You could think : “so, I’ll use wav’s about 1 word only, to avoid gap”
It’s not a good idea : starting a word and continue a word after a previous one doesn’t produce same wave form (amplitude) beginning.
Ex: “hello”, "I say hello"
Often, the waveform beginning is highter in a start word.
Yes, and I appreciate your thread here is based on building the wav files used for training, by speaking. However, that is not always the case, as sometimes we may want to do the ‘same’ type of building (i.e. build our own models), but the WAV sources used are all from a WAV file. Hence the need to cut a WAV file into small pieces, and attempting to keep words within each cut.

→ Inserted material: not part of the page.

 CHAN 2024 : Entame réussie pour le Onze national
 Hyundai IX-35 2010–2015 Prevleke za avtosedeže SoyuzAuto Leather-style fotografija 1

There is a python script there, example.py and I ran it against a 10 minute WAV file. The results were 56 WAV files, duration range from 00.63 seconds to 49.38 seconds.

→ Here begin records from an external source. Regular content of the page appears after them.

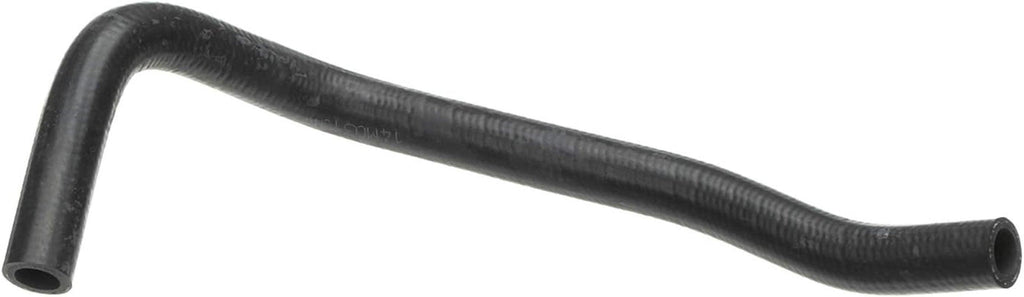 Professional 16470M Molded Heater Hose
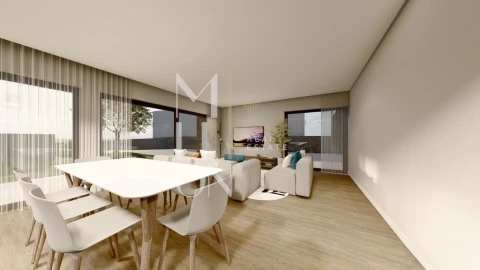 Moradia T3 para Venda em Vila Praia de Ancora
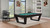 Tellico 8' Raven Black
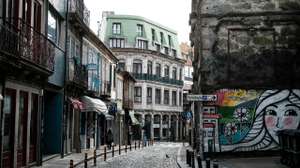 Trindade, Porto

Then the author of that package advised how to cut down the range duration size, as 49.38 seconds is a long way from your recommendation of 5 seconds max. The results then were 243 WAV files, duration range from 00.18 seconds to 13.44 seconds.
Of course some of those smaller duration sized WAV are just noise and even no noise, at least not that I could hear. Some 2 or 3 worded WAV’s were only 2 seconds long and there are quite a few that are just 1 word in duration.
Of those 243 WAV files, there are only 31 that exceed your recommendation of 5 seconds though, so that seems encouraging.
I get for some (but not all) vocabularies the following error:
vocab.cc:305 in void lm::ngram::MissingSentenceMarker(const lm::ngram::Config&, const char*) threw SpecialWordMissingException.
The ARPA file is missing < /s > and the model is configured to reject these models. Run build_binary -s to disable this check. Byte: 106432571
here is a sample of a typical deepspeech csv file :
/home/nvidia/DeepSpeech/data/alfred/dev/record.1.wav,87404,qui es-tu et qui est-il
/home/nvidia/DeepSpeech/data/alfred/dev/record.2.wav,101804,quel est ton nom ou comment tu t'appelles
/home/nvidia/DeepSpeech/data/alfred/dev/record.3.wav,65324,est-ce que tu vas bien
You must respect the first line (needed to create columns for CSV usage)
And each next line inform 3 values, separated by a comma :
where is the wav file, (I use complete link, perhaps relative path could work ?!)
what is it size, (you can have size with this : os.path.getsize(“the wav file”))
what is the transcript (in the wav language)
Take a look at …DeepSpeech/bin/import_ldc93s1.py, L23 for CSV creation !!
About transcript, pay attention to only enter characters present in alphabet.txt, otherwise you’ll encounter errors when training.